Permutation and Combinations to select a committee and election board

binomial-coefficientscombinationscombinatoricspermutations

I am currently studying for the SOA exams. I have ran into a problem in Lecture Notes in Actuarial Mathematics – A Probability Course for the Actuaries – Marcel B. Finan that I thought was quite simple but my answer seems to be incorrect. The problem reads:

A newly formed hiking club has 25 members. Three members volunteered to serve on a 3-person executive committee that will consist of a president, vice president, and secretary. However, the members will be elected for the positions. An election committee of four will be created from the remaining 22 members. In how many ways can the club select its officers and election committee?
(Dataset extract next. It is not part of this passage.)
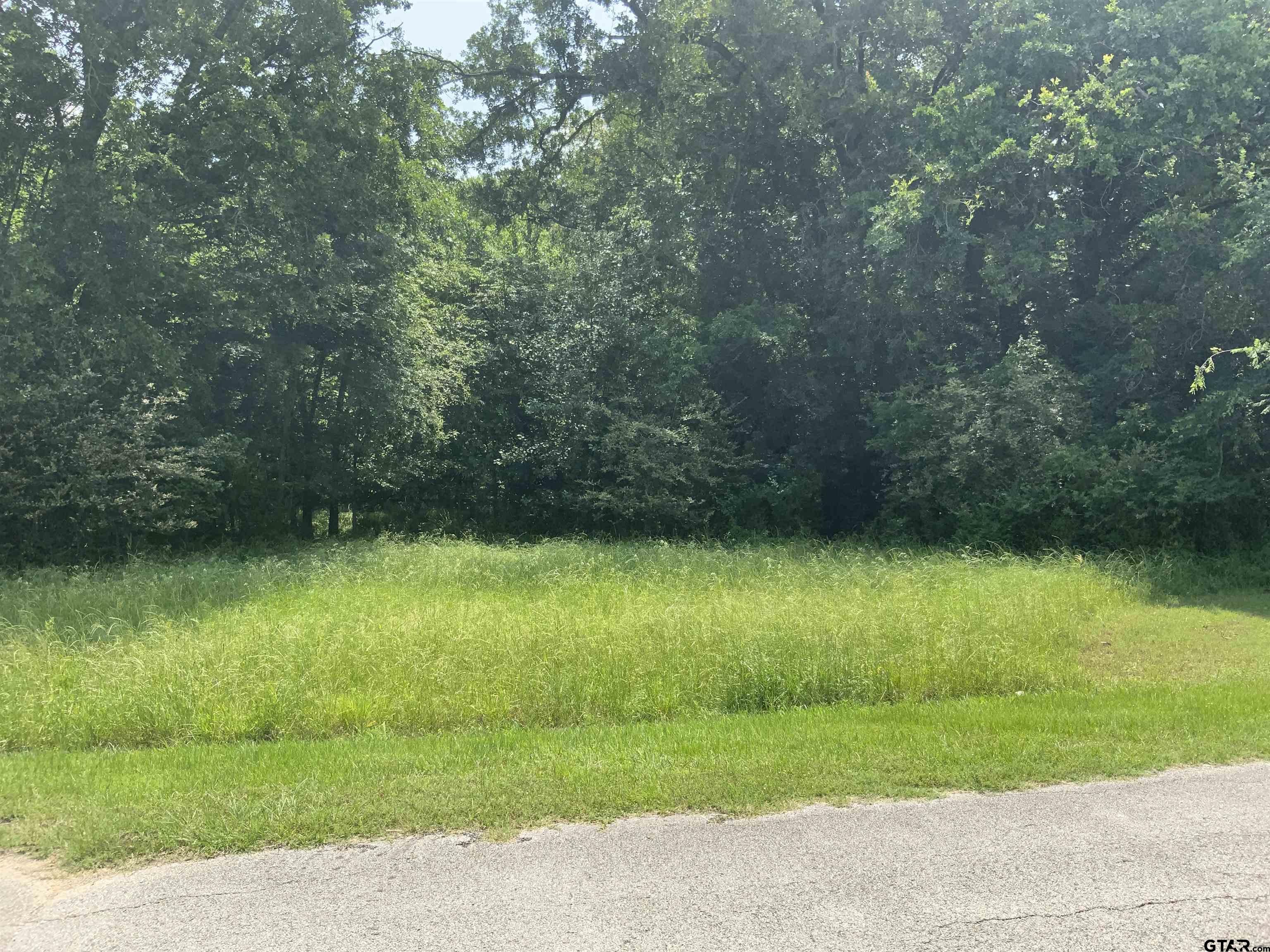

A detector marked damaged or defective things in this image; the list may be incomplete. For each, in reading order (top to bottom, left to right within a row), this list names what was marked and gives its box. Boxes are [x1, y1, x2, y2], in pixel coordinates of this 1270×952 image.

crack in pavement [929, 893, 1265, 934]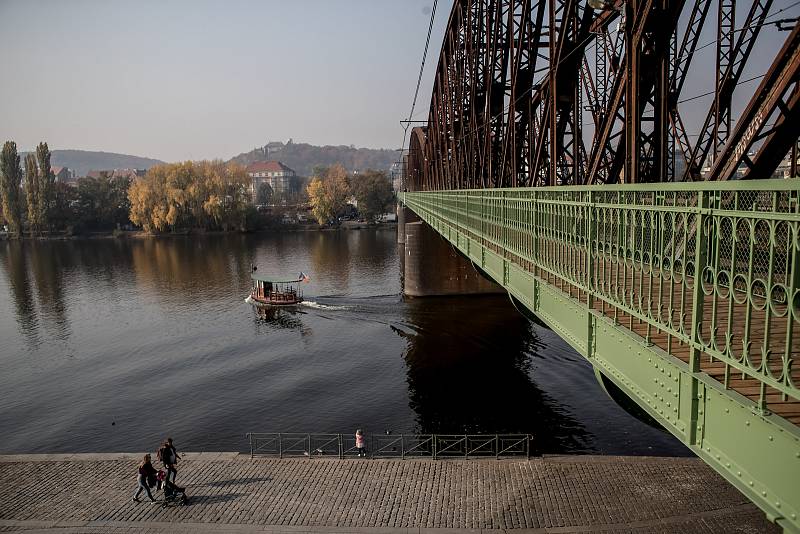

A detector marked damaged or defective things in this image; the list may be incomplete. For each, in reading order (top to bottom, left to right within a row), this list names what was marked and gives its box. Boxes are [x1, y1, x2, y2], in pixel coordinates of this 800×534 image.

rusty steel girder [410, 0, 796, 192]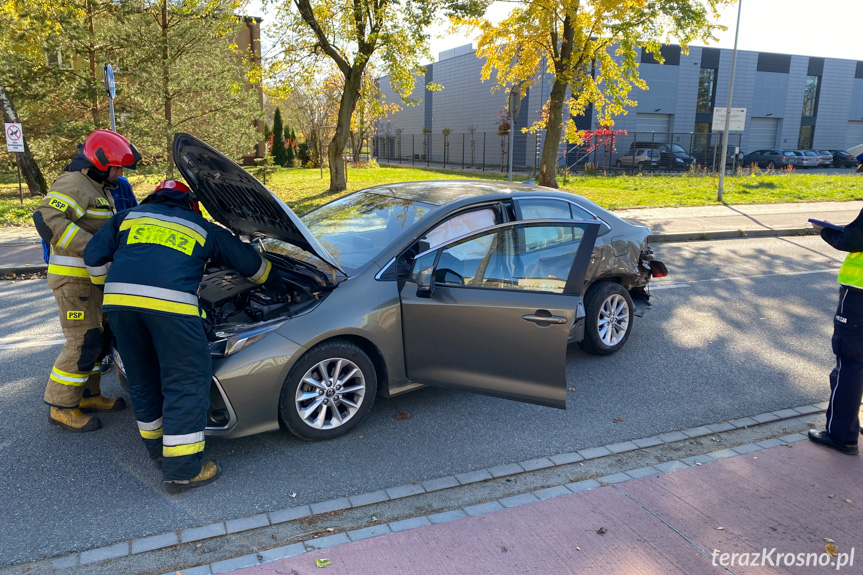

My immediate thought is simple combination mathematics:
$$ \text{# of ways to select officers and committee} = \binom{25}{3} \binom{22}{4} = 16824500 $$
However, the answer key I was provided states that the correct answer is $43890$ and I am unsure how. After playing around with some numbers, I have determined that
$$ 43890 = 6 \cdot \binom{22}{4} = 3!\cdot \binom{22}{4} $$
but I have no clue where this factor of $3!$ comes from rather than $\binom{25}{3}$. Am I missing something simple? Any direction or explanation is greatly appreciated.

Best Answer

I think you're misunderstanding what is intended by the problem statement. I blame this more on the problem statement more on you: their wording isn't very clear.

The problem statement actually means: 3 of the 25 people have volunteered for the president/VP/secretary jobs, but we haven't decided which of them will get which role yet. Then later we'll pick 4 people from the remaining 22 to form the election committee. That's why the answer is $3!$ (ways to decide who gets which role out of the president/VP/secretary) times $\binom{22}{4}$ (ways to pick 4 unordered names out of the remaining 22 candidates).

Extra note - even with your interpretation, I think you're still missing a factor of $3!$. The president/VP/secretary are individual named roles, so $\binom{25}{3}$ doesn't fully cover that choice: you still need to pick which person gets each individual role, which gives an extra $3!$.